Thursday, September 3, 2009

Which is the most important?

63% Technique
24% Ingredients
8% Recipe
3% Equipment

I was intentionally vague with this question. I think which factor is the most important depends on what you are making.

For example when making a simple salad the ingredients are probably the most important factor, great fresh produce will taste pretty good no matter how you chop them up or how you dress them. On the other hand I have found that making a sour beer is almost entirely technique (aging time, temp, blending etc...) with the quality of the ingredients being far less important.
over emphasize equipment. Sure a conical (or a $300 dollar knife) are cool, but how much do they really improve your results?
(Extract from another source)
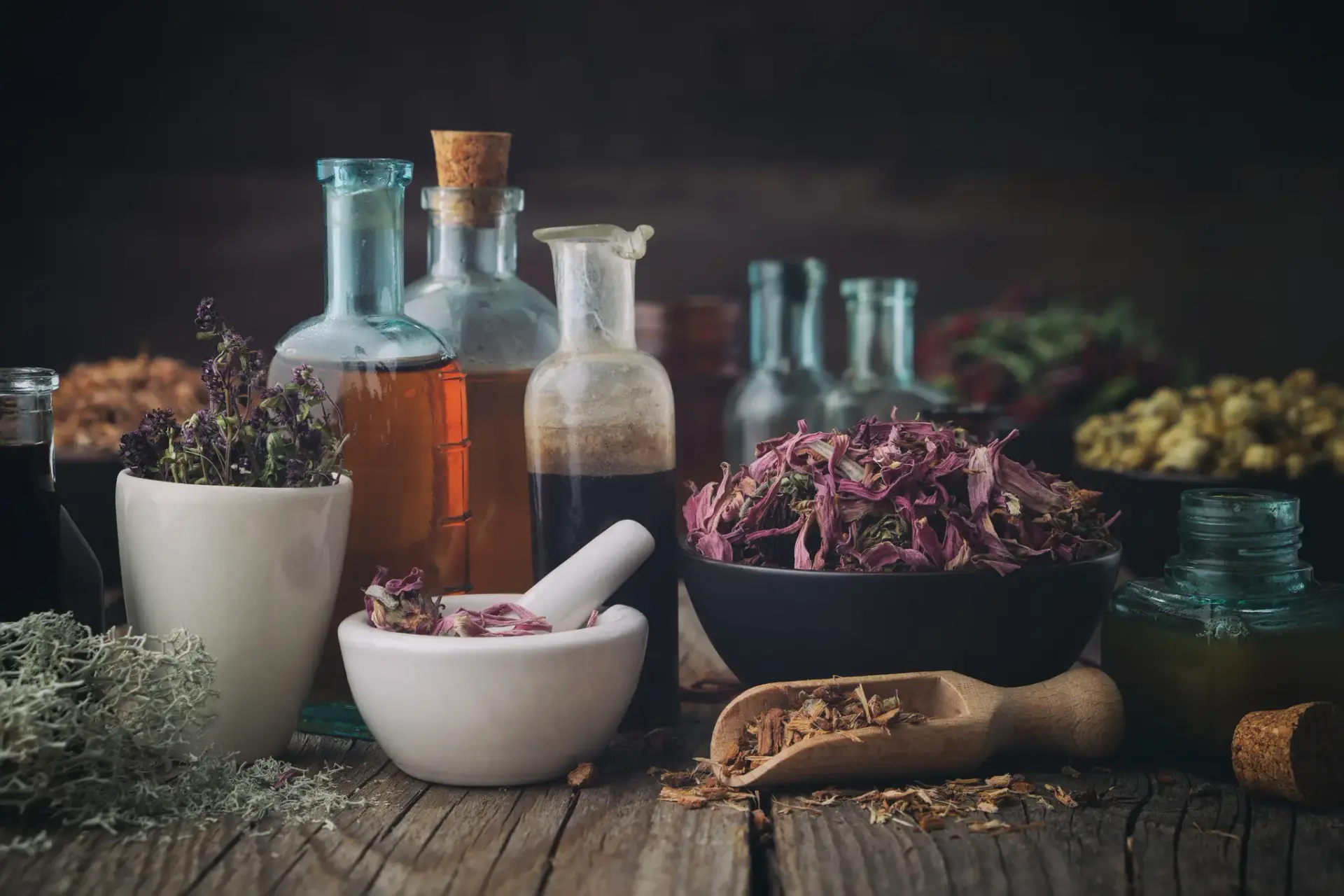Botanical medicine and natural therapies used at a South Tempe, AZ clinic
Good equipment can save you time, effort, reduce costs in the long term, promote consistency etc... but it won't turn you from a bad brewer into a good brewer.

The value of a good recipe is also exaggerated in both cooking and beer. It has been amazing to taste how different the batches my friends have brewed for our barrel projects, the range is astonishing starting with the same ingredients (and considering we are all pretty good brewers). I think many people overlook how subtle changes in technique (pitching temperature or correct browning) can impact the final flavor of a beer or dish as much or more than major changes to a recipe.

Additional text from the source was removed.